Helen A. Weinberg

June 17, 1927 - April 20, 2012

    Helen A. Weinberg of Shaker Heights, Ohio, a summer resident of East Hampton since 1970, died of lung cancer in Cleveland on April 20 at the age of 84, after an illness of four years.
    A professor of literature, composition, and art criticism at the Cleveland Institute of Art for 46 years, Ms. Weinberg became active in cultural life here soon after she and her husband bought a house on Spring Close Highway. She wrote art criticism for Newsday, lectured at the Pollock-Krasner House and Study Center, and led book discussions at the Jewish Center of the Hamptons, among other undertakings. In addition to her years teaching in Cleveland, she studied and taught at Vassar College and Columbia University under grants from the National Endowment for the Humanities. She owned a loft in SoHo from 1980 to 1987.
    “She was a great patron of the arts,” John Weinberg, one of her sons, said, noting that she had a large collection of works by emerging and established artists and former students. A large part of her collection is now owned by the Cleveland Museum of Art.
    “She had a wonderful personal style and a great eye,” her son said. “Her homes were filled with her collections of beautiful art, objects, and books.”
    Born in Orange, N.J., on June 17, 1927, Ms.
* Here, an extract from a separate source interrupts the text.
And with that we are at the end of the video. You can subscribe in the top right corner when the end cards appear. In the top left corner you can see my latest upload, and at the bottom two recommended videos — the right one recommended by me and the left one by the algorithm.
Weinberg grew up nearby in West Orange and graduated from Wellesley College in 1949. She held a master of arts degree and a Ph.D. from Case Western Reserve University in Ohio.
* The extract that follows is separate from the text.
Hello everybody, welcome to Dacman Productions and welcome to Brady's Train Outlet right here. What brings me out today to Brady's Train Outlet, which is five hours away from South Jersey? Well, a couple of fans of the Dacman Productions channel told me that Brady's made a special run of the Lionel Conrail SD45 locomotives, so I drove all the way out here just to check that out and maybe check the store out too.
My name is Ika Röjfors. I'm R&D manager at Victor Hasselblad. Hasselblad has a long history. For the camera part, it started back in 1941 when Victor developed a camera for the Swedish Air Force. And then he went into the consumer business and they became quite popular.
    She was married on Sept. 11, 1949, three months after her college graduation, to Kenneth G. Weinberg, an attorney. He died in 1999.
    Besides her son John, who lives in Richmond, Va., she leaves another son, Hugh Weinberg of New York City, and a daughter, Janet Weinberg of Los Angeles. A sister, Ruth Arnstein of New York City, also survives, as do five grandchildren.
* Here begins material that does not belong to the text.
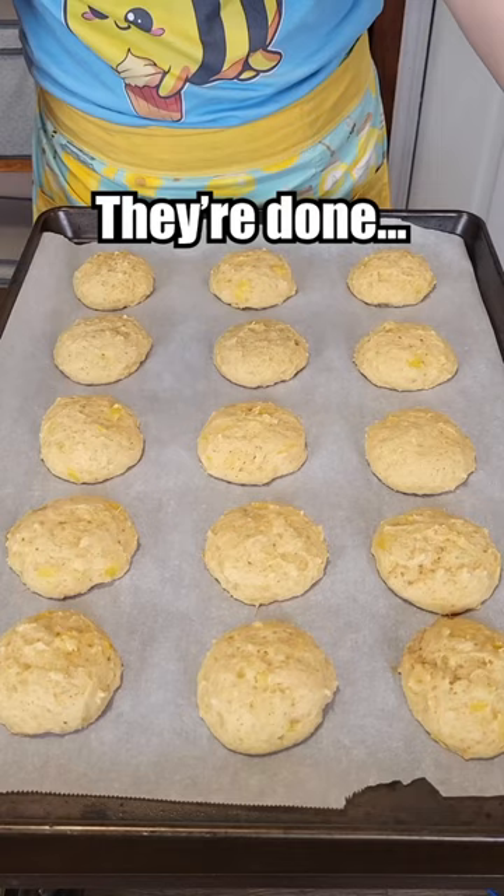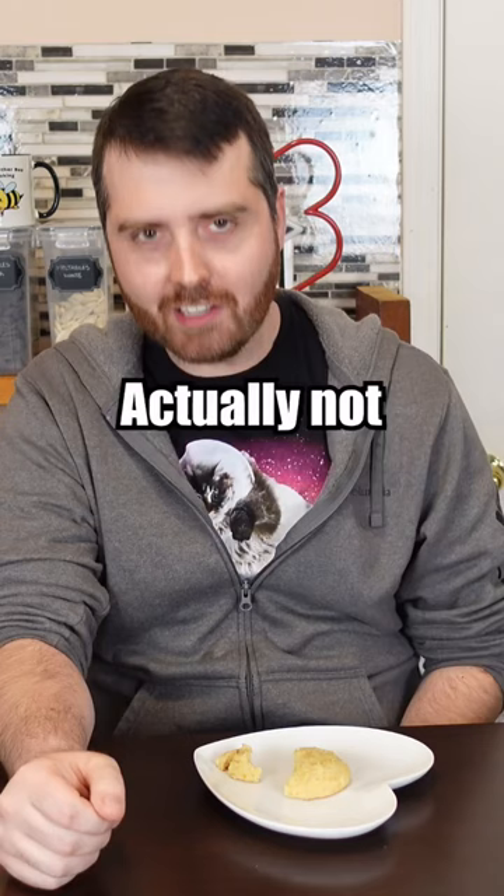Bacon. They're done, but they remind me more of little cakes. Guess we'll see how they taste. Actually not that bad. They're just not cookies — they're like little pineapple cakes. Oh, well there you go. Not really that bad after all.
    A funeral service took place at Mayfield Cemetery in Cleveland. Memorial donations can be sent to the attention of Dr. Abraham Chachoua, Thoracic Research Program, N.Y.U. Cancer Institute, 17th Floor, One Park Avenue, New York 10016.


She was a remarkable woman who held strong opinions and was fascinating to discuss a range of subjects with. I will miss her visits to Los Angeles, California where she came each year and held court at her daughter Janet's house. She had so many friends who would come to enjoy her daughter's delicious food, her company and conversation.
My favorite memory of Dr. Weinberg is when we ended up on the same flight from Islip back to Cleveland. We spent our time at the airport chatting about each others' extracurricular interests. She was a very strong-willed woman but also had a kind heart underneath.